L'amicale AGASM Minerve, amicale des sous-mariniers du Finistère, a co-organisé avec l'association Aux Marins, en présence des forces sous-marines, une cérémonie du souvenir au Mémorial national de la pointe Saint-Mathieu.

Un reportage complet de cette cérémonie, fait par l'AGASM  est visible en cliquant ICI

 

Dans le cénotaphe M. Georges Kevorkian, de l'AGASM Minerve
a prononcé un discours dans lequel il retrace retracé le déroulement de l'événement

 

La Minerve ne reviendra plus

A l’occasion de cet hommage que nous rendons aux sous-mariniers, victimes de la perte corps et biens de la Minerve, il y a 50 ans, nous devons avoir une même pensée pour nos camarades disparus dans des conditions analogues.

 

Nous sommes à l’îlot Castigneau de l’arsenal de Toulon, le vendredi 26 janvier 1968, il est un peu plus de 7 heures du matin. Je m’attarde à l’angle des quais Isabelle et Laubeuf, car la Minerve s’apprête à larguer ses amarres pour rejoindre le secteur qui lui a été fixé, au large du Cap Sicié, où elle doit participer durant le week-end à un exercice de lutte anti-sous-marine avec un Breguet-Atlantic.
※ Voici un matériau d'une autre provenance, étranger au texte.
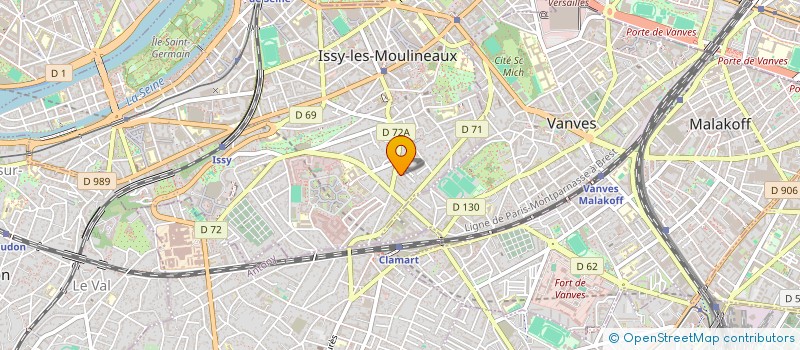 localisation de l'entreprise MADAME SABRINA MOUHOUBI à ISSY-LES-MOULINEAUX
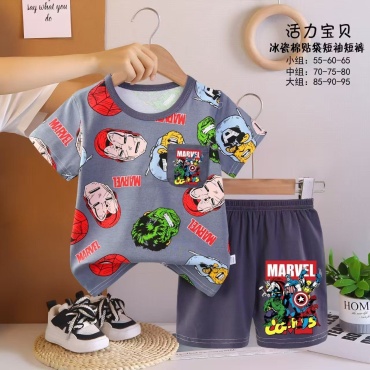 Комплект Marvel Мстители серый, мультиколор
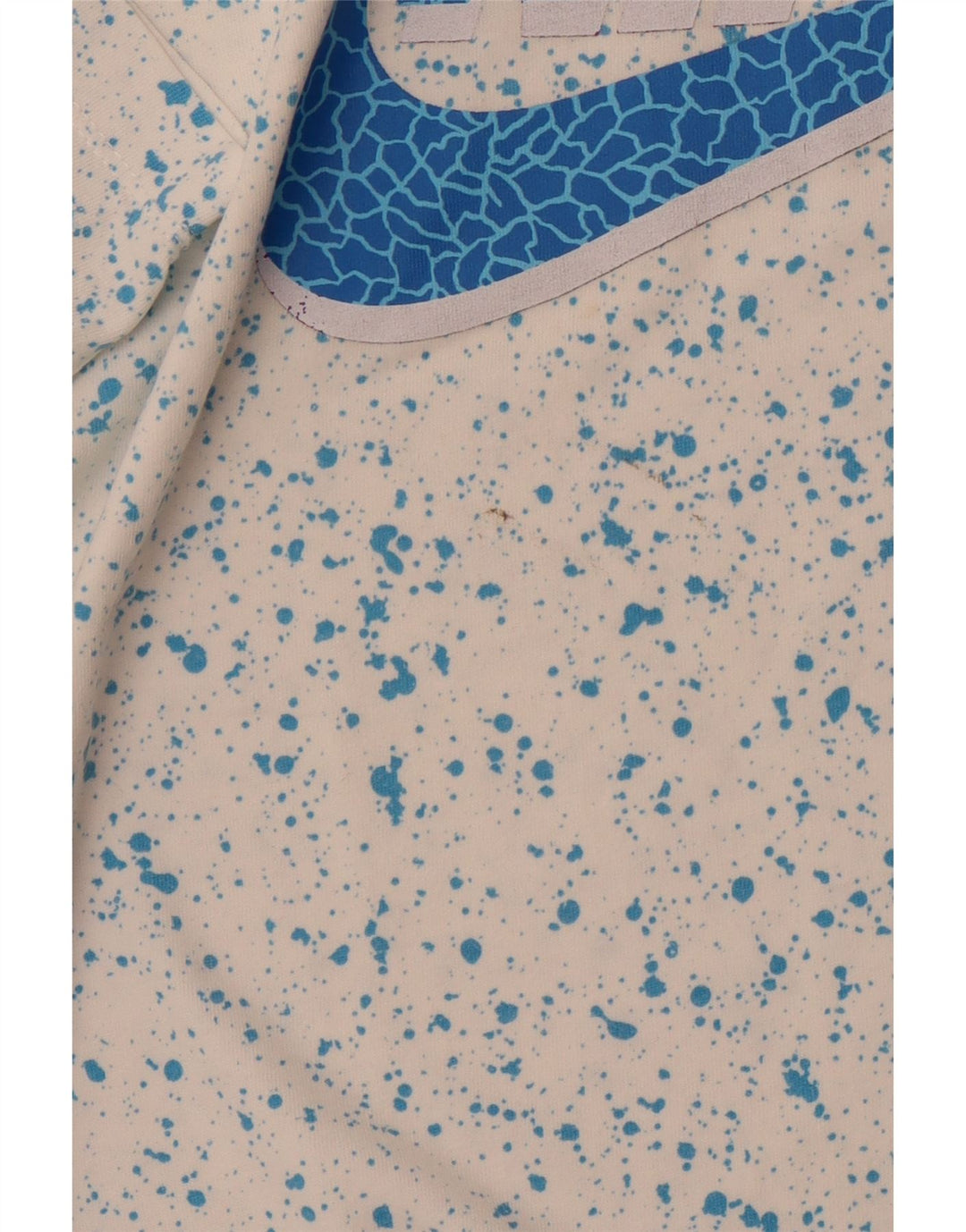 NIKE T-shirt graphique pour homme en coton moucheté blanc moyen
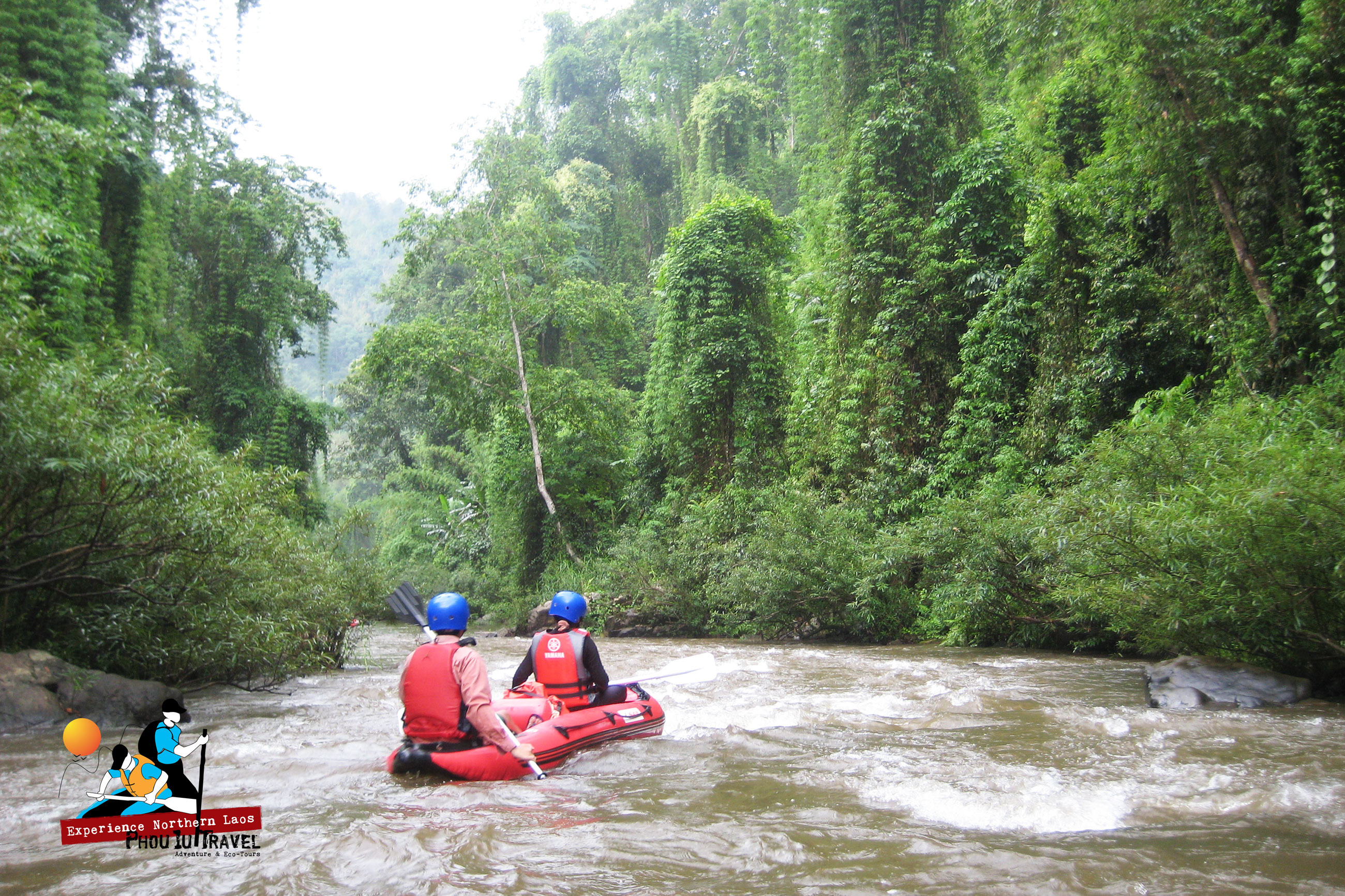 Kayaking on Nam Ha River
Le poste de combat de vérification, conduit par l’officier en second, vient de se terminer. Le commandant, dans son manteau de mer, en haut du massif, fait un tour d’horizon ; les abords sont dégagés, il est prêt à appareiller.

 

Soudain, je vois apparaître au bas du massif, le lieutenant de vaisseau Jean Agnus, l’ingénieur du bâtiment, qui, après avoir mis le pied sur le quai se dirige vers moi et me dit « Monsieur Kévorkian, nous avons des ennuis de fuites d’air sur les compresseurs Girodin, pourriez-vous me fournir quelques joints toriques ? ». Sans perdre de temps pour chercher à comprendre, je vais rapidement dans nos ateliers quérir dans nos réserves un assortiment de joints et le lui remet. Quelques minutes plus tard, la Minerve quitte le quai…Je suis le dernier à la voir s’éloigner..Je crois même avoir fait un signe de la main à Jean Agnus…ou au sous-marin lui-même. Mais peut-être que c’est dans mon subconscient !!

     

Nous sommes maintenant le lundi matin 29 janvier 1968, peu après 7 h du matin, le mistral glacial s’est calmé. Des groupes d’ouvriers se forment, je m’approche d’eux : « Chef, j’ai vu des matafs ce matin….qui m’ont dit que la Minerve était perdue : elle n’est pas retournée à la base comme prévu ». Je ne sais quoi répondre, je ne saisis pas encore le tragique de la situation. Je n’ai jamais été confronté à de tels événements.

 

De l’escadrille de Missiessy, nous vient alors la confirmation qu’elle a perdu tout contact avec le sous-marin dans la matinée du samedi et qu’il est porté officiellement manquant depuis l’heure de son retour programmé en fin de soirée de ce même samedi

 

Dans l’après-midi, j’apprends que je vais embarquer en soirée, en compagnie d’ouvriers que je dois désigner, que je dois désigner,, sur une Gabare avec l’espoir d’avoir à mettre en action des organes que nous avons préparés pour ventiler en air frais l’équipage, si nous pouvons atteindre la Minerve. Mais je sais en mon for intérieur qu’il est vain de croire à la mise en œuvre de ces moyens de sauvetage.

 

Après une nuit passée à bord de la Gabare au large de Toulon, nous recevons l’ordre de retourner au port : l’espoir de retrouver la Minerve est écarté. Au débarquement de nos matériels, le mardi matin 31 janvier, nous comprenons que le sous-marin est définitivement perdu : l’attitude, pleine de retenue des personnels de l’escadrille et du chantier, ne nous trompe pas.  Nos pensées vont alors aux membres de l’équipage de la Minerve que nous avons côtoyés déjà depuis 3 ans, ainsi qu’à leurs familles.

 

On saura plus tard que la Minerve a implosé alors qu’elle atteignait accidentellement une immersion de 600 mètres environ, le 27 janvier, à 7h 59minutes 23 secondes, d’après des enregistrements.

 

A la détresse des sous-mariniers,il est de mon devoir, il est de mon devoir (à répéter) d’y associer la détresse des personnels du chantier de réparation qui ont été tous les jours en contact avec leurs camarades embarqués.